We stand at a crossroad in our history. We shall reaffirm our destiny for greatness or we shall choose instead to withdraw into ourselves. The choice will affect far more than our foreign policy; it will determine the quality of our lives.
[Page 88]A nation needs many qualities, but it needs faith and confidence above all. Skeptics do not build societies; the idealists are the builders. Only societies that believe in themselves can rise to their challenges. Let us not, then, pose a false choice between meeting our responsibilities abroad and meeting the needs of our people at home. We shall meet both or we shall meet neither.
That is why my disagreement with the skeptics and the isolationists is fundamental. They have lost the vision indispensable to great leadership. They observe the problems that confront us; they measure our resources and then they despair. When the first vessels set out from Europe for the New World these men would have weighed the risks and they would have stayed behind. When the colonists on the eastern seaboard started across the Appalachians to the unknown reaches of the Ohio Valley, these men would have counted the costs and they would have stayed behind.
Our current exploration of space makes the point vividly; here is testimony to man’s vision and to man’s courage. The journey of the astronauts is more than a technical achievement; it is a reaching-out of the human spirit.
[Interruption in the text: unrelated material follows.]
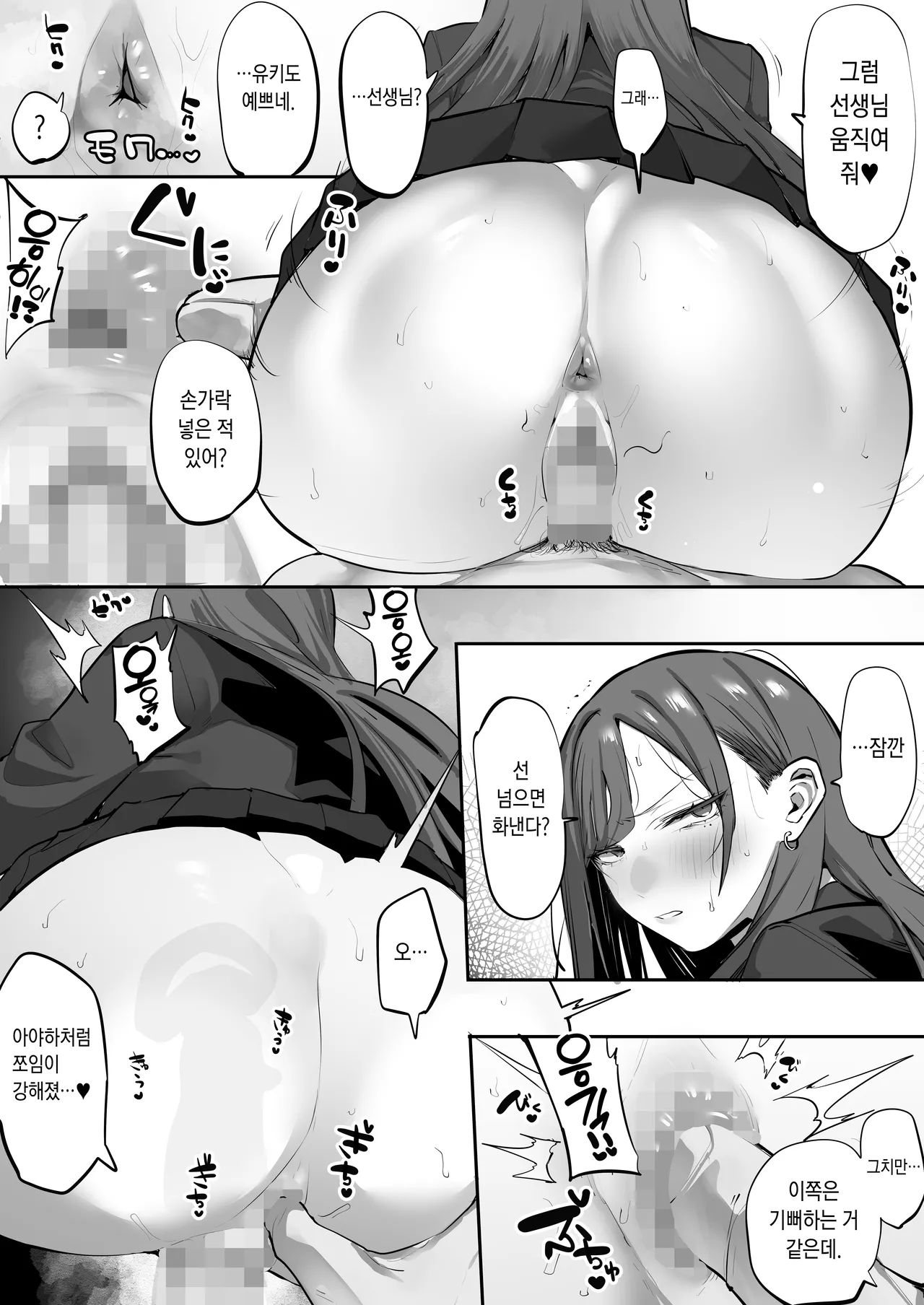 [Ofuton de Suyaa (Mitsudoue)] Oshiego no Gal o Kau [Korean] 图片编号 64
It lifts our sights; it demonstrates that magnificent conceptions can be made real.
They inspire us and at the same time they teach us true humility. What could bring home to us more the limitations of the human scale than the hauntingly beautiful picture of our earth seen from the moon?
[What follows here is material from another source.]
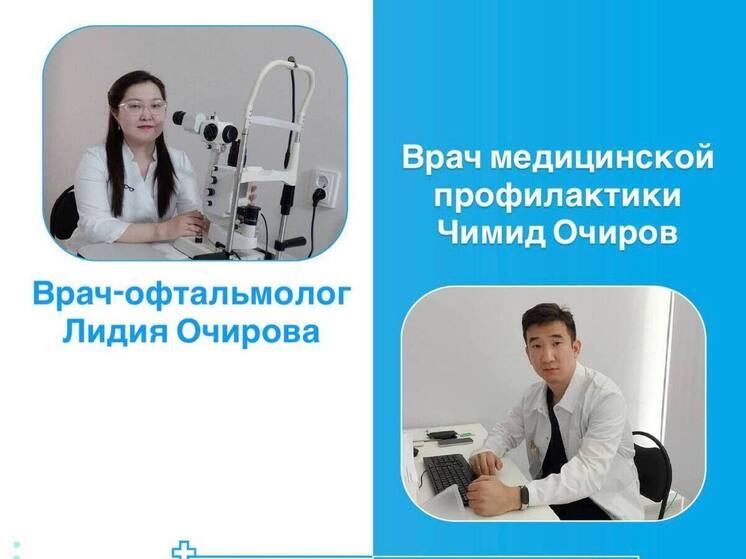 Только в этом году в Городовиковскую районную больницу Калмыкии приняли пять врачей.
When the first man stands on the moon next month every American will stand taller because of what he has done, and we should be proud of this magnificent achievement.
We will know then that every man achieves his own greatness by reaching out beyond himself, and so it is with nations. When a nation believes in itself—as Athenians did in their Golden Age, as Italians did in the Renaissance—that nation can perform miracles. Only when a nation means something to itself can it mean something to others.
That is why I believe a resurgence of American idealism can bring about a modern miracle, and that modern miracle is a world order of peace and justice.
[Omitted here are Nixon’s concluding remarks, in which he argued for sufficient defense expenditures to maintain a strong military establishment.]